Extracted material Start Marker

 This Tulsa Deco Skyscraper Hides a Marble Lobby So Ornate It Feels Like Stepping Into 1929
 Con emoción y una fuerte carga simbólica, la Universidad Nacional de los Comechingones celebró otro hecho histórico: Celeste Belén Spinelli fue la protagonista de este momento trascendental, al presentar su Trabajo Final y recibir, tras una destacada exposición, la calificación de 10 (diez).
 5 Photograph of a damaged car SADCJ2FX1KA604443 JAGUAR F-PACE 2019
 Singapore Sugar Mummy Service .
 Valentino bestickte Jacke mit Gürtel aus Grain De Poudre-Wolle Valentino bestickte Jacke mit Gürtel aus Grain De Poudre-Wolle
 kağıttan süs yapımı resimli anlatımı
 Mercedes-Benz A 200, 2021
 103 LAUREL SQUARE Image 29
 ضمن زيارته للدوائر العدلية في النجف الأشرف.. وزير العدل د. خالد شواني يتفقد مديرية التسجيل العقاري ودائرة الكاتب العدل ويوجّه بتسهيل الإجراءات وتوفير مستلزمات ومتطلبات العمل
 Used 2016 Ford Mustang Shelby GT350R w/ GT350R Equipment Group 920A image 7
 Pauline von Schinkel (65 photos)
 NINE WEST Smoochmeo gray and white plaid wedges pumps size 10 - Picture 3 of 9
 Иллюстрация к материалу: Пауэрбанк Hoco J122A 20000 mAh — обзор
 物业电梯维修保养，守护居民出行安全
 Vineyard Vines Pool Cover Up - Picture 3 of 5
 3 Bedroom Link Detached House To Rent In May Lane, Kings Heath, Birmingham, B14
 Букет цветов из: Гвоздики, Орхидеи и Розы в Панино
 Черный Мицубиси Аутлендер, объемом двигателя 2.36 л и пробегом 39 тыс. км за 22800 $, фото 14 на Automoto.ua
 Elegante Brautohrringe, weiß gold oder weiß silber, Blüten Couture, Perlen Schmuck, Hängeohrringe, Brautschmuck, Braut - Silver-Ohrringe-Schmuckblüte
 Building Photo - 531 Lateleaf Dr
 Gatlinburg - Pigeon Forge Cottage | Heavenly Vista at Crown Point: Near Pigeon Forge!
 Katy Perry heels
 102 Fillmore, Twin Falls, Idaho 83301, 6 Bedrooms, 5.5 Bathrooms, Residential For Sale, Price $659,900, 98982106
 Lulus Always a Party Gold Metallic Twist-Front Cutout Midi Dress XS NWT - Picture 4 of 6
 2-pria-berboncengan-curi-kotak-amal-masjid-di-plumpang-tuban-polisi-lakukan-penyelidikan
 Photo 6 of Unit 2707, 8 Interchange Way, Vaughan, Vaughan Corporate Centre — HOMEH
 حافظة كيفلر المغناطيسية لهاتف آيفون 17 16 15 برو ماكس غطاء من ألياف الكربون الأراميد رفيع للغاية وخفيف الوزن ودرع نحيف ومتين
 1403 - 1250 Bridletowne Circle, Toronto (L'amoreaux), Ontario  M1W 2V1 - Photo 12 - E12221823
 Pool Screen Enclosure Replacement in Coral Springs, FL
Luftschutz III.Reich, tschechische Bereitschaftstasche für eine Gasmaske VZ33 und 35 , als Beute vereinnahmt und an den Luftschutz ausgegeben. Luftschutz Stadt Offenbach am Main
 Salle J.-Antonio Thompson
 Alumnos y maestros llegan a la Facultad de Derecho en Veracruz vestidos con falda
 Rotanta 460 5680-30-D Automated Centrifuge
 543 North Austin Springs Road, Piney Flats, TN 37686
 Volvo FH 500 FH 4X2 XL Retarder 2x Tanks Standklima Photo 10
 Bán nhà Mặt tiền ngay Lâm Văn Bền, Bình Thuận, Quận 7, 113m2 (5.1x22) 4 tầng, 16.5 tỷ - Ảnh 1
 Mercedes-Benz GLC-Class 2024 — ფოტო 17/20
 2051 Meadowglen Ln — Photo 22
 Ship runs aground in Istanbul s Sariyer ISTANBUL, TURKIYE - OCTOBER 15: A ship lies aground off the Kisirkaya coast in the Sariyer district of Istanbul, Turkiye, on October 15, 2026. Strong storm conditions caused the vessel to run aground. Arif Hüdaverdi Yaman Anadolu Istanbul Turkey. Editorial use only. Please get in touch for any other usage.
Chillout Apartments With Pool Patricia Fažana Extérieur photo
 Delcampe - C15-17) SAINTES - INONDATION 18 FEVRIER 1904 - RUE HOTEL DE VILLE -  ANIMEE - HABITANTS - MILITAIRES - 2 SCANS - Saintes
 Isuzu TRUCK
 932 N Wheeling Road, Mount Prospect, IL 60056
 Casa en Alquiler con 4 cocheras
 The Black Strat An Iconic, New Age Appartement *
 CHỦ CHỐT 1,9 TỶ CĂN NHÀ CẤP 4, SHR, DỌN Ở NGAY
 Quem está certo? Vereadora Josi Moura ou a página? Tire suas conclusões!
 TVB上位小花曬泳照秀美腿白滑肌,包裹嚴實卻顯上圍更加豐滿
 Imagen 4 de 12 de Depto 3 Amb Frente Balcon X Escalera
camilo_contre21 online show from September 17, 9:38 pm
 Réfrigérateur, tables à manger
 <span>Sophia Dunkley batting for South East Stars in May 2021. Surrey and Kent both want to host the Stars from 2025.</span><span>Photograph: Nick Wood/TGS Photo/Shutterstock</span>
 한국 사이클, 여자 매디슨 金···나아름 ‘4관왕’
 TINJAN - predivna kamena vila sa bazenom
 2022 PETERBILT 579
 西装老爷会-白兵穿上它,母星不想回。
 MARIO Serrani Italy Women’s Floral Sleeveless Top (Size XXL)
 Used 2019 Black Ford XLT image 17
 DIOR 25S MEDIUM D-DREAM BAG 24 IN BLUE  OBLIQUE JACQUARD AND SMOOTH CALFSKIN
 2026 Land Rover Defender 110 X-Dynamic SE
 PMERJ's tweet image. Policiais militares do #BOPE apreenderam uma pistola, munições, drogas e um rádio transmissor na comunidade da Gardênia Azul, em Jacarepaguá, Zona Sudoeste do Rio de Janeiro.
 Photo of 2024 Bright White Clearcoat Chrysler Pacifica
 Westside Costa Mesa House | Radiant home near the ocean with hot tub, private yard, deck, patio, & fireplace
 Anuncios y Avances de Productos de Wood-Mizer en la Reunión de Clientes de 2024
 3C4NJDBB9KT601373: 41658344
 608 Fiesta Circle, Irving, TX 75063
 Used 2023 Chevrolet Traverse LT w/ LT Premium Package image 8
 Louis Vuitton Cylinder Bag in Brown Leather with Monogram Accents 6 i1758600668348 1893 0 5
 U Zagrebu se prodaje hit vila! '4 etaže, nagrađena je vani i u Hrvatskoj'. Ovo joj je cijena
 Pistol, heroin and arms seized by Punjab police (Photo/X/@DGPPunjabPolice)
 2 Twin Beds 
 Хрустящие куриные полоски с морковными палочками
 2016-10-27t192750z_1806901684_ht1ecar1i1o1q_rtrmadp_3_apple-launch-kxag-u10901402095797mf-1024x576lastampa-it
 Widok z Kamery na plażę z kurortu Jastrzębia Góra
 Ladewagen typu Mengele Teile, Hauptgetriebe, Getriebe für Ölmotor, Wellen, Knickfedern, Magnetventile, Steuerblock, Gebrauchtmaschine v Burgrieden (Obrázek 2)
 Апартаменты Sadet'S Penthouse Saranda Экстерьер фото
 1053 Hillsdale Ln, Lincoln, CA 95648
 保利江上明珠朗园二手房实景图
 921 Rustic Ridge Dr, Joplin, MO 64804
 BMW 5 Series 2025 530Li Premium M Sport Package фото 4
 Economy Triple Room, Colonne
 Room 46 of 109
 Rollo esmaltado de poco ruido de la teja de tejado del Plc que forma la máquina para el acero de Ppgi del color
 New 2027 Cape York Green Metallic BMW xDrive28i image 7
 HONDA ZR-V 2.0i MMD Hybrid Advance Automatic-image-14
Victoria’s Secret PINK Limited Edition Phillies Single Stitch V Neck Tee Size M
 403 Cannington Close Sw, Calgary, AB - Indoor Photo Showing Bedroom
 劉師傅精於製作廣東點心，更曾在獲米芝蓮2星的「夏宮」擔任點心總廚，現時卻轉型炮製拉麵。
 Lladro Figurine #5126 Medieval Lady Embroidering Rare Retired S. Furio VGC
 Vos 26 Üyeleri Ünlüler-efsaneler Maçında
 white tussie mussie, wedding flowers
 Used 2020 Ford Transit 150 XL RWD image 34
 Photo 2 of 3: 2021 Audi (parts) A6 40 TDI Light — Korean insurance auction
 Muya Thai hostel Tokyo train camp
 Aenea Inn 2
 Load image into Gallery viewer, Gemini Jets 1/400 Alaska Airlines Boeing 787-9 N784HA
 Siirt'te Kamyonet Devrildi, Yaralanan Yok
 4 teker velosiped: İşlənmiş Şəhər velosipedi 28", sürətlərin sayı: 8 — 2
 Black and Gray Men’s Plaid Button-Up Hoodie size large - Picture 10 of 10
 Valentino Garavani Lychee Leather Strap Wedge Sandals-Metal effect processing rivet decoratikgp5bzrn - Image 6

Extracted material End Marker

#### Problem to solve:
When you reach the line containing "2022 PETERBILT 579" in the data above, start copying exactly, and stop after the line containing "保利江上明珠朗园二手房实景图".

#### Problem solution:
 2022 PETERBILT 579
 西装老爷会-白兵穿上它,母星不想回。
 MARIO Serrani Italy Women’s Floral Sleeveless Top (Size XXL)
 Used 2019 Black Ford XLT image 17
 DIOR 25S MEDIUM D-DREAM BAG 24 IN BLUE  OBLIQUE JACQUARD AND SMOOTH CALFSKIN
 2026 Land Rover Defender 110 X-Dynamic SE
 PMERJ's tweet image. Policiais militares do #BOPE apreenderam uma pistola, munições, drogas e um rádio transmissor na comunidade da Gardênia Azul, em Jacarepaguá, Zona Sudoeste do Rio de Janeiro.
 Photo of 2024 Bright White Clearcoat Chrysler Pacifica
 Westside Costa Mesa House | Radiant home near the ocean with hot tub, private yard, deck, patio, & fireplace
 Anuncios y Avances de Productos de Wood-Mizer en la Reunión de Clientes de 2024
 3C4NJDBB9KT601373: 41658344
 608 Fiesta Circle, Irving, TX 75063
 Used 2023 Chevrolet Traverse LT w/ LT Premium Package image 8
 Louis Vuitton Cylinder Bag in Brown Leather with Monogram Accents 6 i1758600668348 1893 0 5
 U Zagrebu se prodaje hit vila! '4 etaže, nagrađena je vani i u Hrvatskoj'. Ovo joj je cijena
 Pistol, heroin and arms seized by Punjab police (Photo/X/@DGPPunjabPolice)
 2 Twin Beds 
 Хрустящие куриные полоски с морковными палочками
 2016-10-27t192750z_1806901684_ht1ecar1i1o1q_rtrmadp_3_apple-launch-kxag-u10901402095797mf-1024x576lastampa-it
 Widok z Kamery na plażę z kurortu Jastrzębia Góra
 Ladewagen typu Mengele Teile, Hauptgetriebe, Getriebe für Ölmotor, Wellen, Knickfedern, Magnetventile, Steuerblock, Gebrauchtmaschine v Burgrieden (Obrázek 2)
 Апартаменты Sadet'S Penthouse Saranda Экстерьер фото
 1053 Hillsdale Ln, Lincoln, CA 95648
 保利江上明珠朗园二手房实景图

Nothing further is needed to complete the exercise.